- **GOAL OF THE EXERCISE**
Copy the lines below, please, starting with the one that contains "2100 NE 85th Road, St Joseph, MO 64507" and ending with the last. Pictures stay out.

- **SUPPLIED DATA**
────────

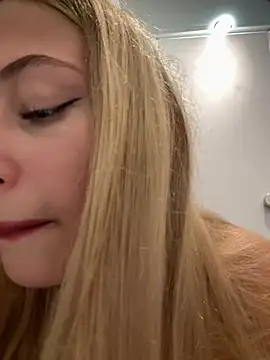 Snapshot of blonde_exe chatting on 08-06-26, 02:08 blonde exe online show from 08-06-26, 02:08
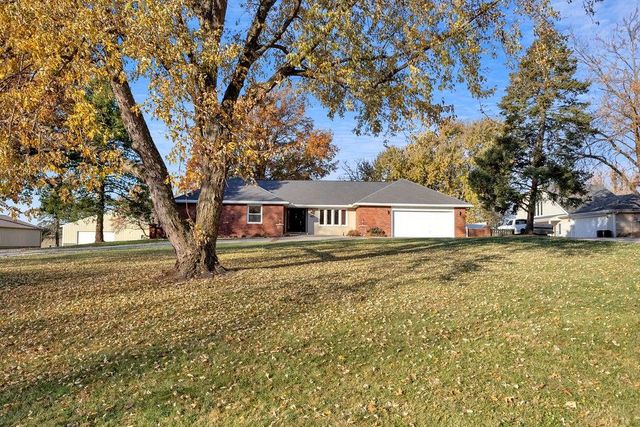 2100 NE 85th Road, St Joseph, MO 64507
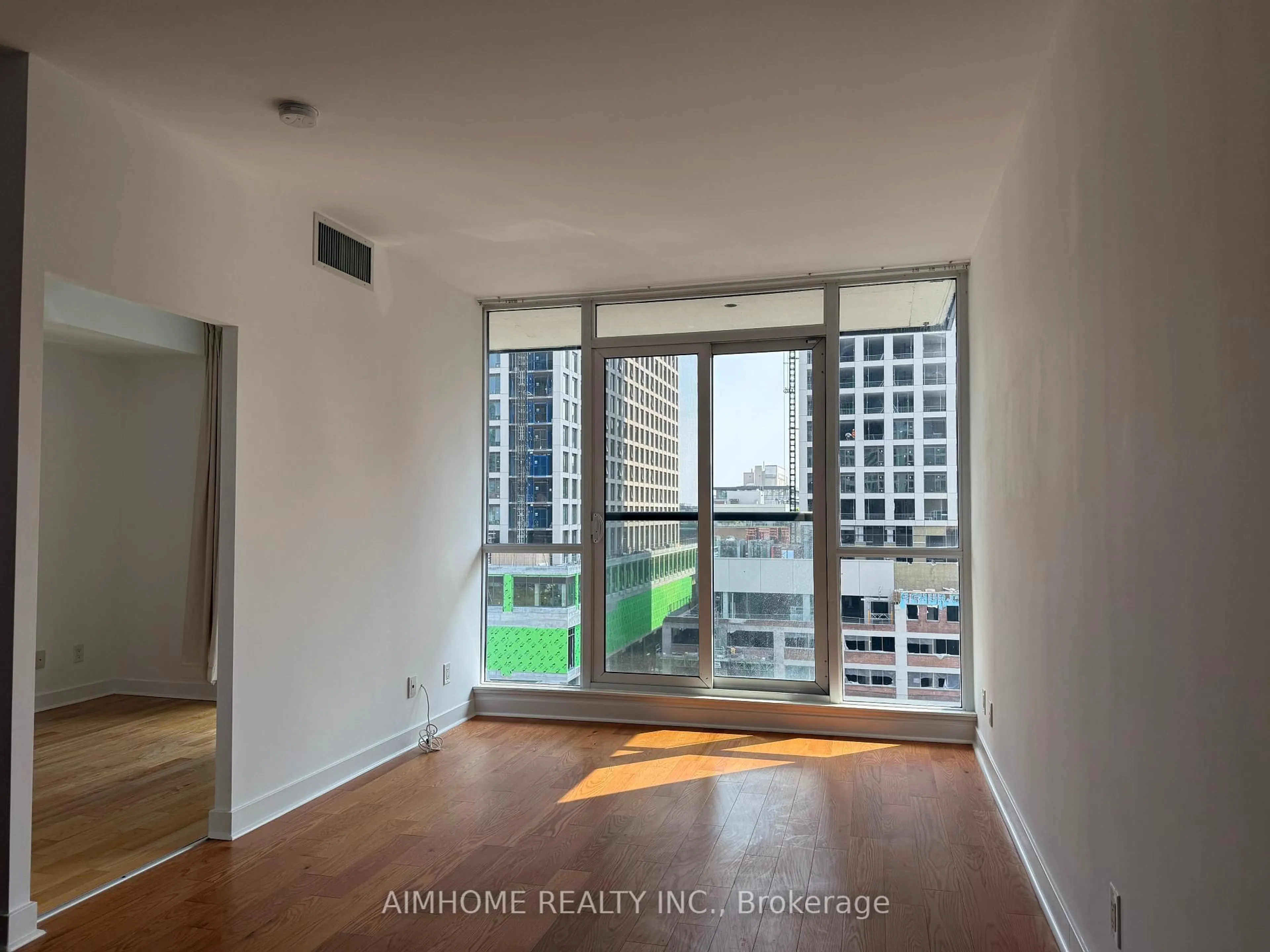 A pic of a room for 320 Richmond St #921, Toronto Ontario M5A 4S7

────────

- **TASK ANSWER**
 2100 NE 85th Road, St Joseph, MO 64507
 A pic of a room for 320 Richmond St #921, Toronto Ontario M5A 4S7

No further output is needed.